Another approach would be to strip away the word, the concept. Stop with the projection, the imagining, the incessant conceptualization, and the cleverness that keeps it all in play; what happens when we don’t cling to our thoughts and projections and simply sit with what is before us, not accepting, not rejecting? Does that get us closer to Truth? I don’t know; but I do know that the brain gets quiet enough and over a protracted amount of time, behavior grows less reactive, at least until something comes along to show that I’m still not paying attention!

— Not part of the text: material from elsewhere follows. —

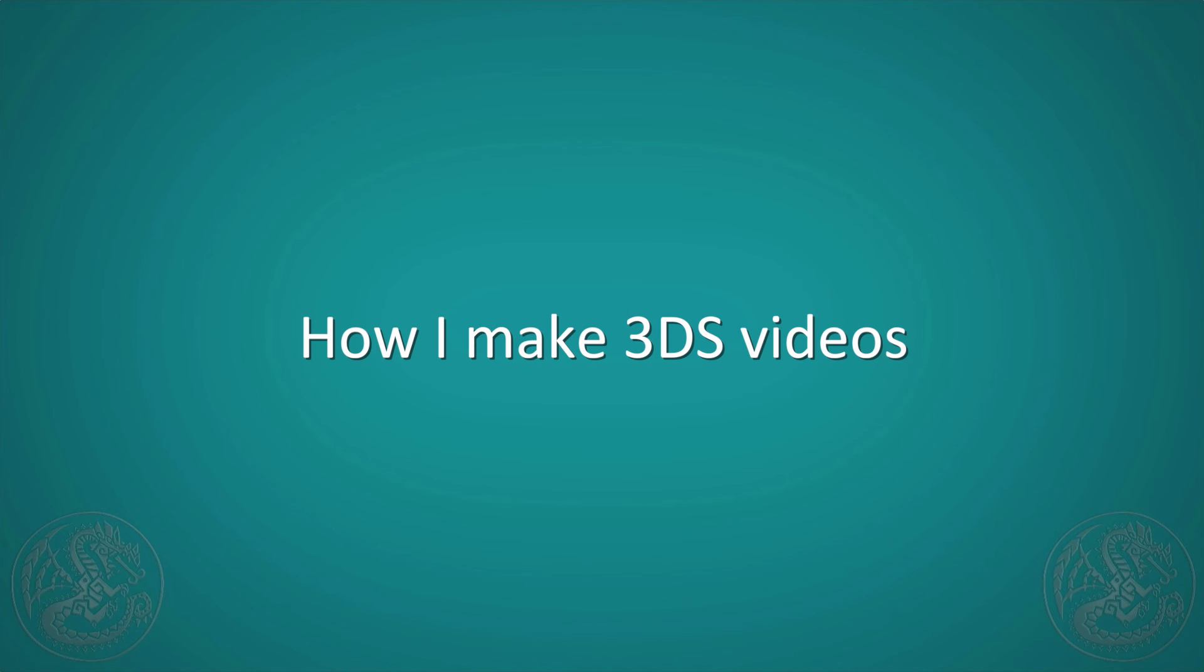Hey guys, it's Gaijin Hunter. A lot of you email me and ask me what is my setup? How do you record 3DS videos? So I just wanted to make a quick little video to show you my setup and how I record 3DS videos.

The point is to put Truth and all the other big words off to the side and openly welcome whatever comes. To not try to stuff the universe into God or not-God, to not limit experience and/or Reality into belief or non-belief, to maybe even treat everyone we meet with that kind of openness would approximate a more genuine type of love, free though, of the associations romantic, desirous, or selfishly needy.
What does that have to do with quantum entanglement? Maybe everything. Maybe we’re all entangled in this soup of quantum events; maybe we should act as if we are.
All of this was precipitated by a recent article summarizing the visualization technique of the wave function of two entangled photons. The graphic used bears a striking resemblance to the yin/yang symbol of the taiji, the Great Ultimate, from Chinese philosophy, especially Daoism. I found myself wondering who’s going to run with this and say, “see? The Daoists were right!” in the same spirit as some Christians have seen Jesus’ face in the patterns of burnt toast. It’s a miracle! We all want some confirmation, some certainty, but if quantum mechanics has taught us anything, at a very fundamental level, there is uncertainty. This, above all, is the most freeing; what preconception is there to cling to, then? What stolid, stagnant, very often self-imposed worldview is there to impose on the world and all within it?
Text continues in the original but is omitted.